Polaprezinc prevents ongoing thioacetamide-induced liver fibrosis in rats.
著者
河野, 透
(Kono, Toru)
Asama, Toshiyuki
Chisato, Naoyuki
Ebisawa, Yoshiaki
Okayama, Taishi
Imai, Koji
Karasaki, Hidenori
Furukawa, Hiroyuki
Yoneda, Masashi
上位タイトル
Life Sciences
Vol.90,
No.3-4
(2012.
1)
,p.122-
130
識別番号
ISSN
0024-3205
DOI
10.1016/j.lfs.2011.10.022
抄録
Aims: Cirrhotic patients commonly have a liver zinc deficiency, which may aggravate liver fibrosis due to the lack of antioxidative effects of zinc.

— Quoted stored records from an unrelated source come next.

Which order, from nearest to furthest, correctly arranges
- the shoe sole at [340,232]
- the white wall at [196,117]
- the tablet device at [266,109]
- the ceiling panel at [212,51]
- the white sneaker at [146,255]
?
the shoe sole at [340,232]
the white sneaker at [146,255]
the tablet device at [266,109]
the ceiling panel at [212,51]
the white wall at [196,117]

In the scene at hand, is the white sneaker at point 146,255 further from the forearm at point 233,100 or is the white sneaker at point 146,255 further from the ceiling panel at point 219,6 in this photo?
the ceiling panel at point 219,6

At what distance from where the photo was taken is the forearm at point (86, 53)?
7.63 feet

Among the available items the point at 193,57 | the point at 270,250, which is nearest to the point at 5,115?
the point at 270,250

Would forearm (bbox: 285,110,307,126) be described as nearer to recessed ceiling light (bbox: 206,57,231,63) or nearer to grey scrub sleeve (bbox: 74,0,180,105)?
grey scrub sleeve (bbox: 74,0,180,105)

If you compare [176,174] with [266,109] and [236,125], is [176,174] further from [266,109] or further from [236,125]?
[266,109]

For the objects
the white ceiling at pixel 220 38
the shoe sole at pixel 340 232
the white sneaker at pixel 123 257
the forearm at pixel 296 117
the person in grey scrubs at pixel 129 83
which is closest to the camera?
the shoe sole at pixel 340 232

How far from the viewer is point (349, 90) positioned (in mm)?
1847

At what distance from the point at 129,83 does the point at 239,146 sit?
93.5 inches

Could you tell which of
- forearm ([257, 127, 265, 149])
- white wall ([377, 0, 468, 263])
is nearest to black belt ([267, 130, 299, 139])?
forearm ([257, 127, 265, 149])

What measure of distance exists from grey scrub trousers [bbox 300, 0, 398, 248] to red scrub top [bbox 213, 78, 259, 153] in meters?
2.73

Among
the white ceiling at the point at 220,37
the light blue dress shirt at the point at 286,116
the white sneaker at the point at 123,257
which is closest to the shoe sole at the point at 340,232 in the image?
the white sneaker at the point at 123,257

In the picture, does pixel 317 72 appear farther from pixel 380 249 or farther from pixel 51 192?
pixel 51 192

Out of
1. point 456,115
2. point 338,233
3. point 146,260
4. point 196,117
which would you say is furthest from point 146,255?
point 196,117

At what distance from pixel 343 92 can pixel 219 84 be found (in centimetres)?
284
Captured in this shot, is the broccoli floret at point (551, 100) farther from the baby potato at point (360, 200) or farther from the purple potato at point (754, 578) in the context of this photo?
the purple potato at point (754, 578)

This study examined the ability of polaprezinc, N-(3-aminopropionyl)-Lhistidinato zinc, to prevent fibrosis in a rat model of thioacetamide (TAA)-induced hepatic fibrosis.
Main methods: Liver cirrhosis was induced by orally administering TAA for 20 weeks. The rats were cotreated with one of the following for the last 10 weeks of TAA treatment: (1) polaprezinc (50 or 200 mg/kg/day); (2) L-carnosine (155 mg/kg/day),which contained equal amounts of L-carnosine as 200 mg/kg/day polaprezinc; (3) zinc sulfate (112 mg/kg/day) or (4) zinc-L-aspartic complex (317.8 mg/kg/day). Both zinc supplementations contained equal amounts of zinc as high-dose polaprezinc.

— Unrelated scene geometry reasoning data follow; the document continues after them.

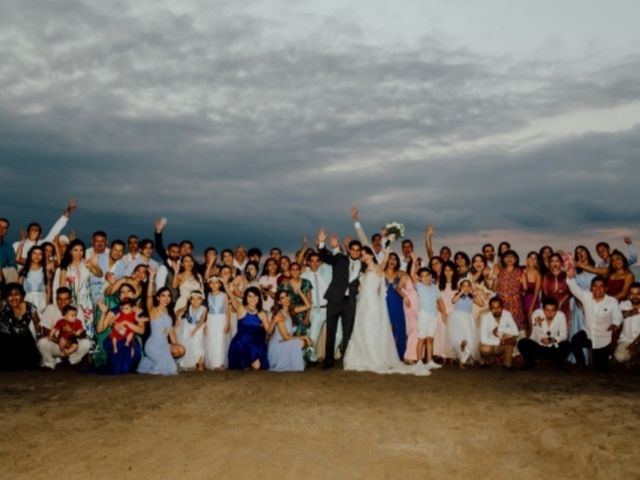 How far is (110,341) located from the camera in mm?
9633

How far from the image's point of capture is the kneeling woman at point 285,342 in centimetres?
995

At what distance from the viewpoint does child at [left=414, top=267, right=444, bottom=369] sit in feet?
34.7

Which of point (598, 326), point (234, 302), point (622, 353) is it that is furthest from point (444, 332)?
point (234, 302)

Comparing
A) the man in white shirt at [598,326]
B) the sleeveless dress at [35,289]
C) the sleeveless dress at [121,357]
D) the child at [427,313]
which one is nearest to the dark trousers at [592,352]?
the man in white shirt at [598,326]

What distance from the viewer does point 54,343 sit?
10.0 m

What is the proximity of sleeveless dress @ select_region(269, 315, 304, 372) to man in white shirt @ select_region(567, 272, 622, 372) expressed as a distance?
16.1ft

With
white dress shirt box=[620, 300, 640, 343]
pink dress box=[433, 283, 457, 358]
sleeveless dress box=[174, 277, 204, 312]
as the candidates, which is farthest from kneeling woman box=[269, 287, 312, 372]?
white dress shirt box=[620, 300, 640, 343]

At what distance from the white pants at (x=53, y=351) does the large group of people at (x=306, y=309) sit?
0.07ft

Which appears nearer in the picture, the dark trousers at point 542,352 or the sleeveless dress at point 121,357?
the sleeveless dress at point 121,357

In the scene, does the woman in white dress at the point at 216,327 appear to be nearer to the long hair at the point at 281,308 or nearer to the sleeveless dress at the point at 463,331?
the long hair at the point at 281,308

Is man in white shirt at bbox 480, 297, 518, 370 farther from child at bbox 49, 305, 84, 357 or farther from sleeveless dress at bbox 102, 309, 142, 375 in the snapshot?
child at bbox 49, 305, 84, 357

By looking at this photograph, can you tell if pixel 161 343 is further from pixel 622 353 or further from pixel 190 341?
pixel 622 353

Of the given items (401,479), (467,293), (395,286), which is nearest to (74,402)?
(401,479)

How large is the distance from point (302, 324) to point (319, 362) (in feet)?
3.03
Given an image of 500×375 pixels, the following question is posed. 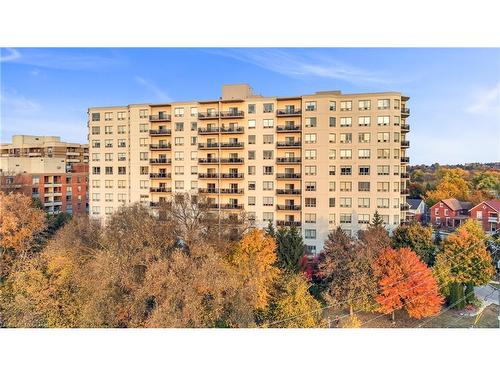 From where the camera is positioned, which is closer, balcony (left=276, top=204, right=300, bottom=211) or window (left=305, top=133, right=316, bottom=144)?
window (left=305, top=133, right=316, bottom=144)

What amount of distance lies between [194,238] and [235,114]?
13.6ft

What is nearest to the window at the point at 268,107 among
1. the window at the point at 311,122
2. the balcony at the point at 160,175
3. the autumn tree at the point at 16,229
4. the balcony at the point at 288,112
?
the balcony at the point at 288,112

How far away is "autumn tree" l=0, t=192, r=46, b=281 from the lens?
606 centimetres

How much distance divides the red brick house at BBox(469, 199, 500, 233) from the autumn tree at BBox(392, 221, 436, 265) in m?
1.59

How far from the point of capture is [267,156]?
8617mm

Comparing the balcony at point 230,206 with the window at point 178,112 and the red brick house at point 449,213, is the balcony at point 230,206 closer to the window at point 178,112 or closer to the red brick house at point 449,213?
the window at point 178,112

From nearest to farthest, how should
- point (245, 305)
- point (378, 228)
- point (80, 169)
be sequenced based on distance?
1. point (245, 305)
2. point (378, 228)
3. point (80, 169)

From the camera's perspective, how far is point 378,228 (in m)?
6.82

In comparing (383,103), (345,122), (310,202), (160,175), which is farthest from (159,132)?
(383,103)

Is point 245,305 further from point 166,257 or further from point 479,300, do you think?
point 479,300

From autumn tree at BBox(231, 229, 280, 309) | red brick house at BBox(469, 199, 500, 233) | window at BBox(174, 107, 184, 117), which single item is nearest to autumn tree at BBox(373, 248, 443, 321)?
autumn tree at BBox(231, 229, 280, 309)

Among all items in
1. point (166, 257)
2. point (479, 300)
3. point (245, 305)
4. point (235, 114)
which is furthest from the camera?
point (235, 114)

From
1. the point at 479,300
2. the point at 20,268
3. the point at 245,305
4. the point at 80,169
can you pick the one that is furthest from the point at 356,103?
the point at 80,169

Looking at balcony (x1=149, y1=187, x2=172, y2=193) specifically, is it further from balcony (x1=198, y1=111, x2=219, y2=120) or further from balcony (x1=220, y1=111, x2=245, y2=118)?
balcony (x1=220, y1=111, x2=245, y2=118) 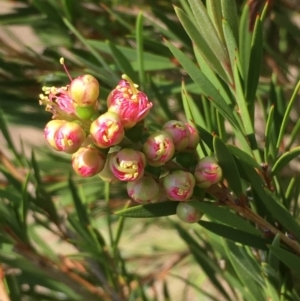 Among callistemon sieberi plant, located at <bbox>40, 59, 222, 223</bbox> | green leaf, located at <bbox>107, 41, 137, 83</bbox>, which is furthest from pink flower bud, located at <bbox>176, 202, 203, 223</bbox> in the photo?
green leaf, located at <bbox>107, 41, 137, 83</bbox>

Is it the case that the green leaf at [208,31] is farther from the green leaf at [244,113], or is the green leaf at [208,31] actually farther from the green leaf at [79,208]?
the green leaf at [79,208]

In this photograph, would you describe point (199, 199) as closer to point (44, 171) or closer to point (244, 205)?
point (244, 205)

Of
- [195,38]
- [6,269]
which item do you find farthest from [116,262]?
[195,38]

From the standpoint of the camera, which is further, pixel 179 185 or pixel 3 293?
pixel 3 293

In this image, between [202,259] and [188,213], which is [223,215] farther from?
[202,259]

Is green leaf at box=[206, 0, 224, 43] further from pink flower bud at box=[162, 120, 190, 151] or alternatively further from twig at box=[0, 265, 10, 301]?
twig at box=[0, 265, 10, 301]

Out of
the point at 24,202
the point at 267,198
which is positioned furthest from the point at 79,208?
the point at 267,198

Key findings: Hepatic zinc levels fell significantly in rats treated with TAA for 20 weeks. Cotreating with high-dose polaprezinc and zinc-L-aspartic complex for 10 weeks prevented hepatic zinc loss. Hepatic hydroxyproline and tissue inhibitor of metalloproteinases-1 (TIMP-1) were significantly higher in rats treated with TAA for 20 weeks than 10 weeks, whereas polaprezinc prevented changes in these fibrosis markers and reduced hepatic transforming growth factor-β1 protein concentration, macroscopic and histologic changes. TAA caused oxidative stress-related changes in the liver that were prevented by high-dose polaprezinc and partially by zinc-L-aspartic complex. Treatment with L-carnosine, low-dose polaprezinc or zinc sulfate for 10 weeks did not affect liver fibrosis progression or oxidative stress-related changes.
Significance: Polaprezincmay prevent ongoing fibrosis by preventing zinc depletion, oxidative stress and fibrosis markers in cirrhotic livers.